Welke inzichten kunnen andere bedrijven uit deze case halen?
Direct beschikbare beveiligingshulpmiddelen kunnen risico’s verminderen. De FTC beweert dat InfoTrax het risico voor gevoelige gegevens had kunnen verminderen door direct beschikbare, kosteneffectieve beschermingsmaatregelen te implementeren. Beveiligingsbewuste bedrijven gebruiken bijvoorbeeld tools om ongeoorloofde in- en uitgangen op hun netwerk te controleren. Dan is er nog de invoervalidatie, die kan bepalen of gegevens van mogelijk niet-vertrouwde sites correct zijn geconfigureerd – een voorzorgsmaatregel die het risico kan verkleinen dat kwaadaardige code bijvoorbeeld een database op uw netwerk binnensluipt. Bovendien kunnen tools voor bestandsintegriteit mogelijk detecteren of een indringer informatie heeft gewijzigd.
Inventariseer de gegevens die u in uw bezit heeft en verwijder deze op een veilige manier als u ze niet langer hoeft te onderhouden. Volgens de FTC was een van de databases die de indringer had gehackt een oud bestand waarvan InfoTrax niet wist dat het nog op de server stond. De aantijging van de klacht toont aan hoe belangrijk het is om te weten wat u heeft en waar u het heeft. Het illustreert ook de wijsheid van het veilig verwijderen van onnodige informatie. Wat je niet meer hebt, hoef je niet te beschermen.

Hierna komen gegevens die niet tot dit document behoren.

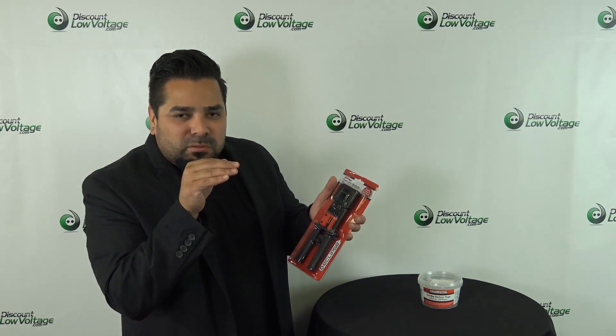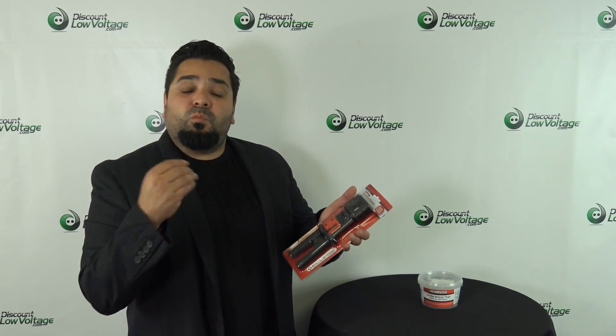Hey, what's up guys? I'm Mercy with discountlowvoltage.com. Today we got some new tools by a manufacturer called Eclipse Tools. We're gonna go over the crimp tool that cuts the cables at the end of your modular plug — it's a pass-through connector modular plug. We're gonna check out the tool, check out the plugs, and then do a how-to crimp one of these.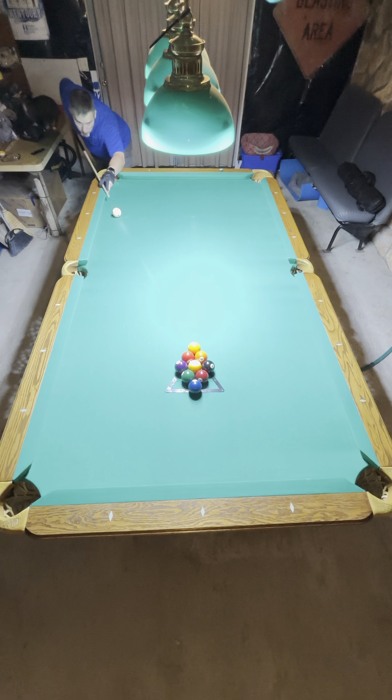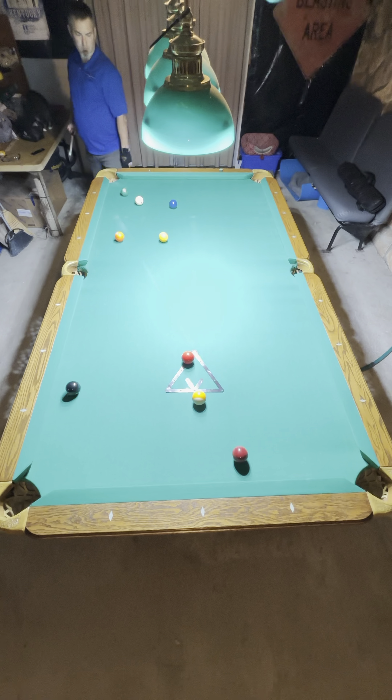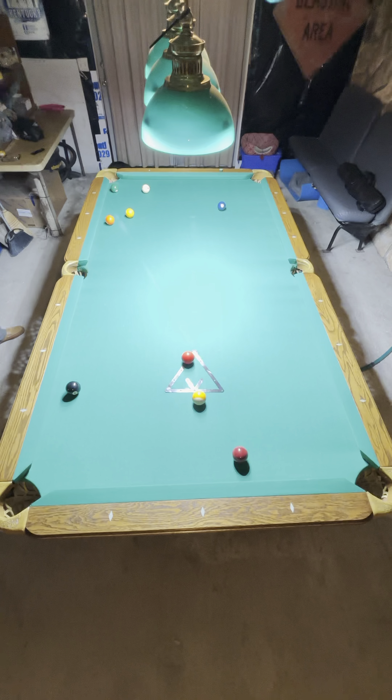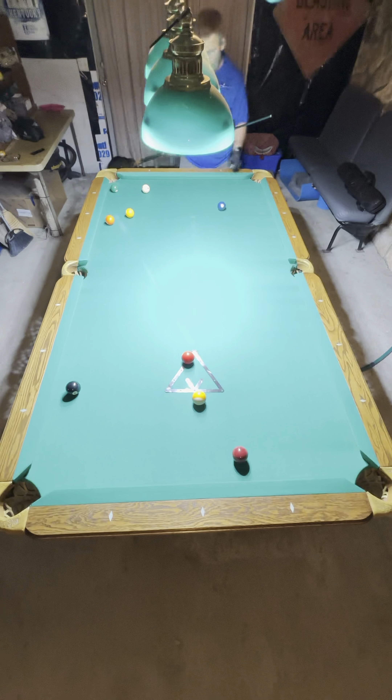I'm breaking here trying to make my wing ball in the corner, and I'm left with really no direct pocket for my one ball, so I'm going to have to do an extreme long cut on the one ball down here in the lower right corner pocket.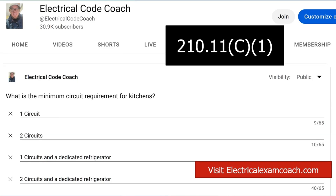You can do more than this. As I've said in previous videos, this is the minimum required. You are allowed to do more — you can do three, four, five, six, seven kitchen circuits — but let's talk about the minimum and then you can add from there.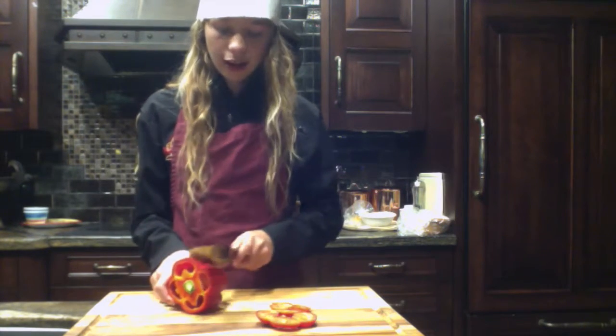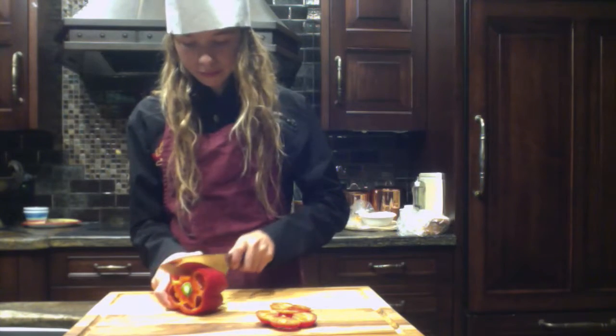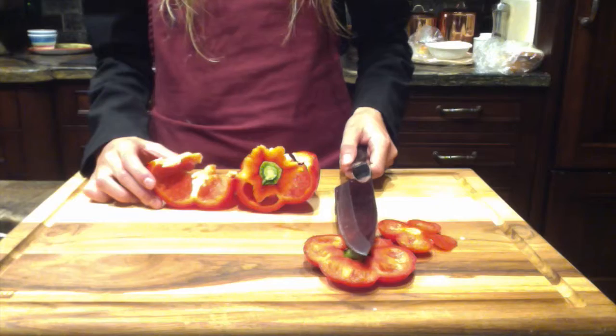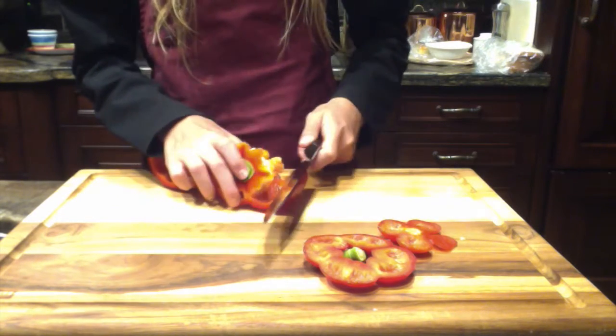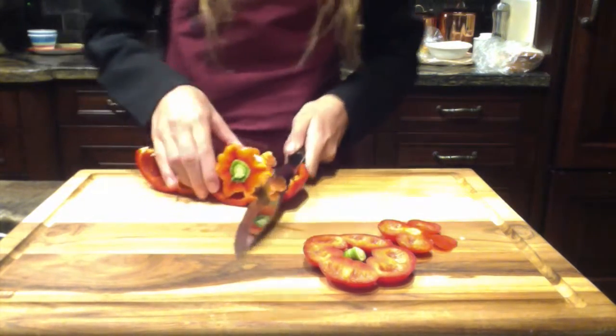Then you simply cut a slit down the side and separate your pepper. Then you're going to cut along the edge of your pepper in order to get all of the seeds and rind out of your pepper.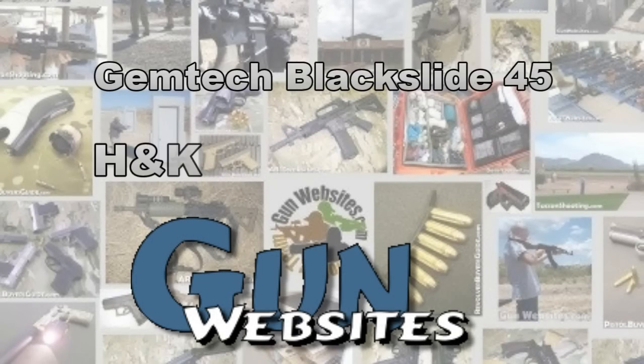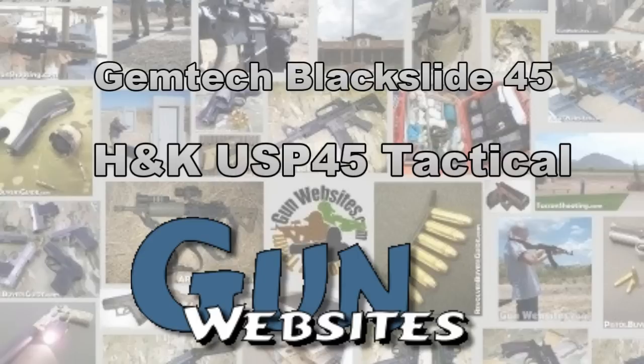The guys and gals of gunwebsites.com encourage you to take a CCW class every year, practice at least once a month, and carry every day. Thanks for watching gunwebsites.com.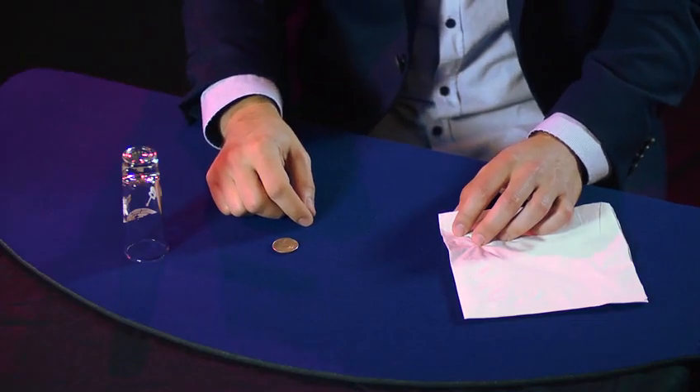You need a coin or something to put under the shot glass — that's the ruse, what you're gonna make disappear. And you need a napkin. Paper napkins work best because of the secret.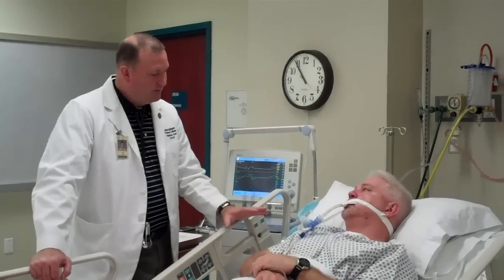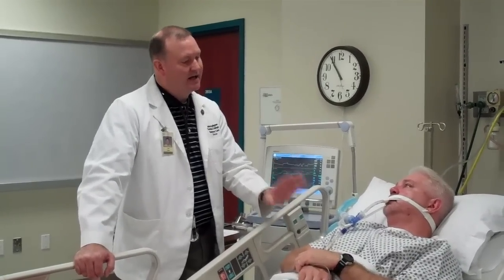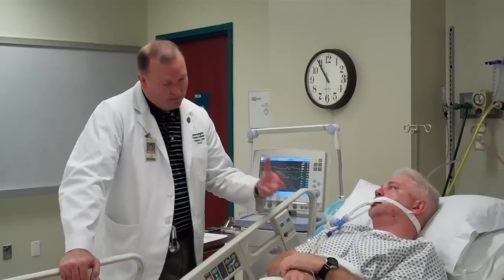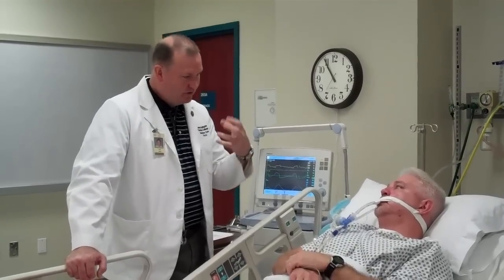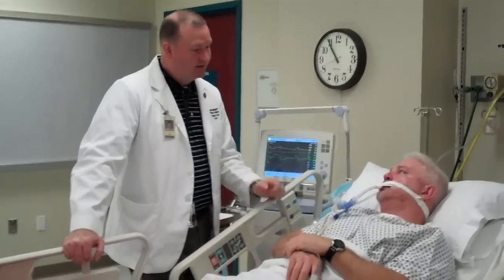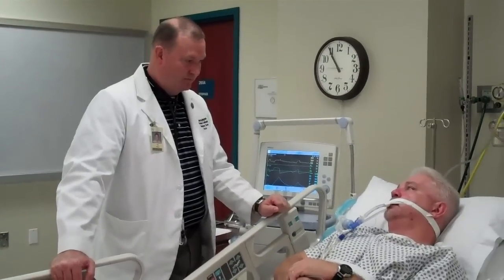So now what's going to happen is whenever I tell you to, we're going to do the test just like we did last time. When I tell you to, I want you to take a nice deep breath in as deep as you can, but whenever you start pulling in, you're going to feel like you can't get any air — just keep pulling as hard as you can. At some point, you're going to feel like you can get that air in and then you're going to get that breath.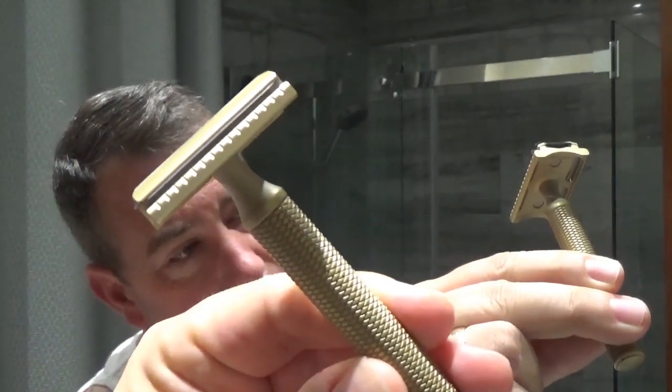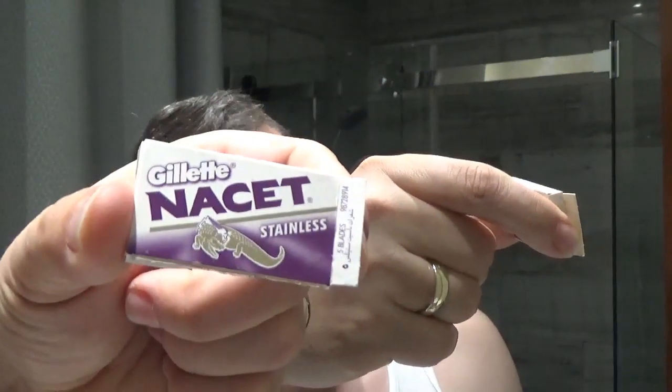The razor I'm going to use is my Carve razor, and in it is the new G plate that I received a little more than a week ago. It's not going to be a full review on the plate — I want to try it a little more before I have a final word on it. The blade is going to be a Gillette Nacet on its second use.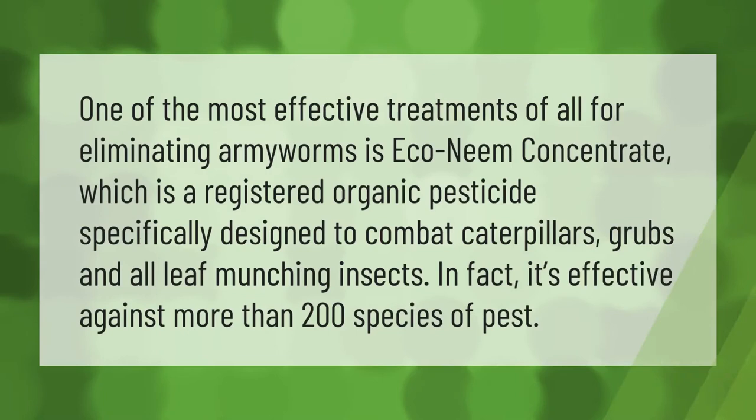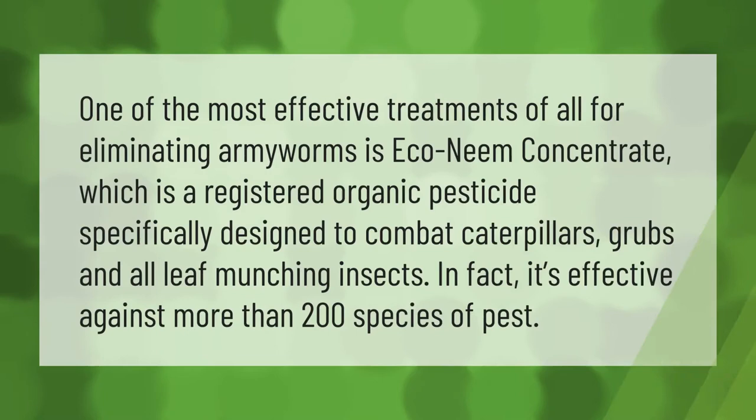One of the most effective treatments of all for eliminating armyworms is Eco Neem concentrate, which is a registered organic pesticide specifically designed to combat caterpillars, grubs, and all leaf-munching insects. In fact, it's effective against more than 200 species of pest.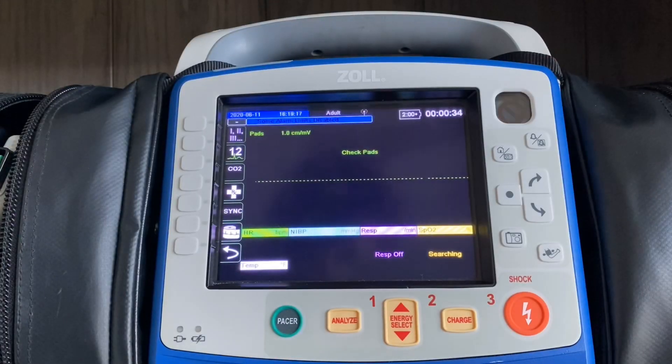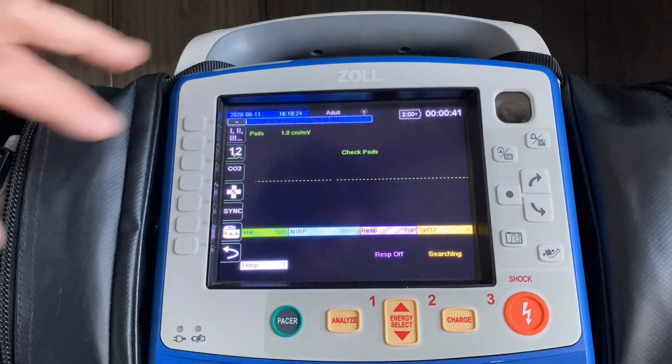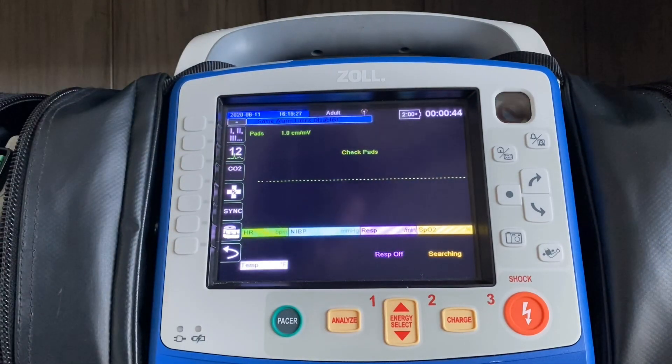The way the X-Series software works is every time you turn it on, it assumes you're about to run a call on a cardiac arrest patient. What I mean by that is it's always going to be in pads mode in the upper left corner, expecting you to apply defib pads to the patient's chest and perform CPR. On a normal call or a chest pain call, as soon as you place the limb lead cables on the patient, that'll switch from pads to lead two automatically.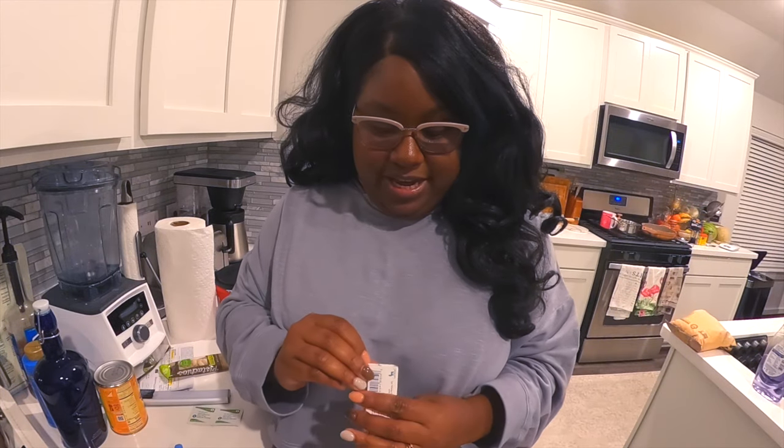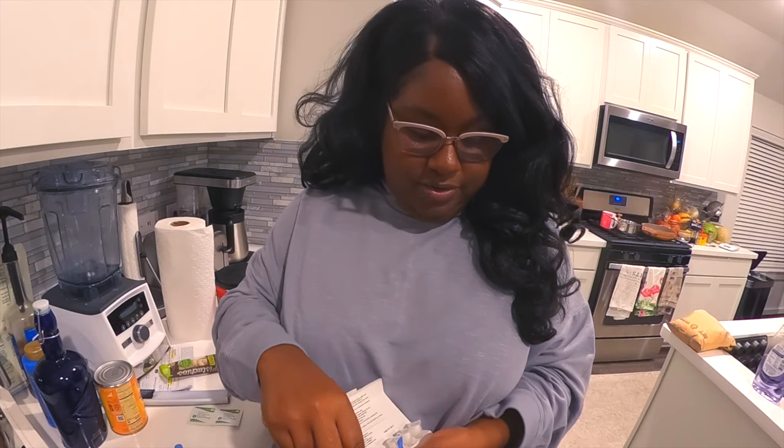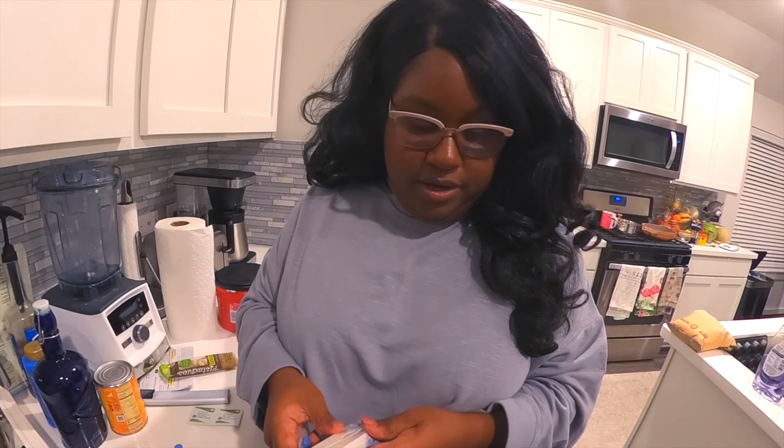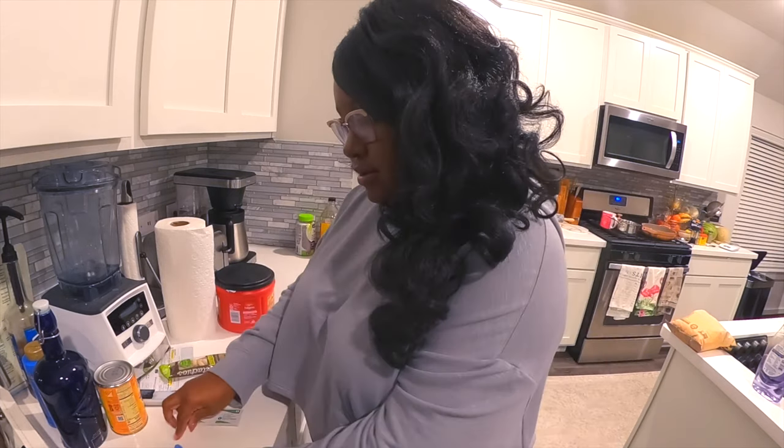I am doing it here in my kitchen because that's just where I do my things — that's where I do insulin, Ozempic, all of that.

Denk aan de impact die beveiligingsfouten hebben op klanten en klanten. Identiteitsdiefstal is altijd een risico wanneer persoonlijke informatie wordt geschonden, maar de klacht voegt in dit geval een menselijk perspectief toe op de gevolgen van lakse gegevensbeveiliging. Toen een klant van InfoTrax bijvoorbeeld een callcenter inhuurde om te helpen bij het reageren op datalekken, meldden consumenten en distributeurs meer dan 280 gevallen van vermeende fraude, waaronder 238 klachten over ongeautoriseerde creditcardkosten, 34 klachten over geopende kredietlijnen, 15 klachten over belastingfraude en 1 klacht over misbruik van informatie voor arbeidsdoeleinden. Voor externe dienstverleners met gevoelige consumentengegevens zou ongeëvenaarde beveiliging een prioriteit op het eerste niveau moeten zijn.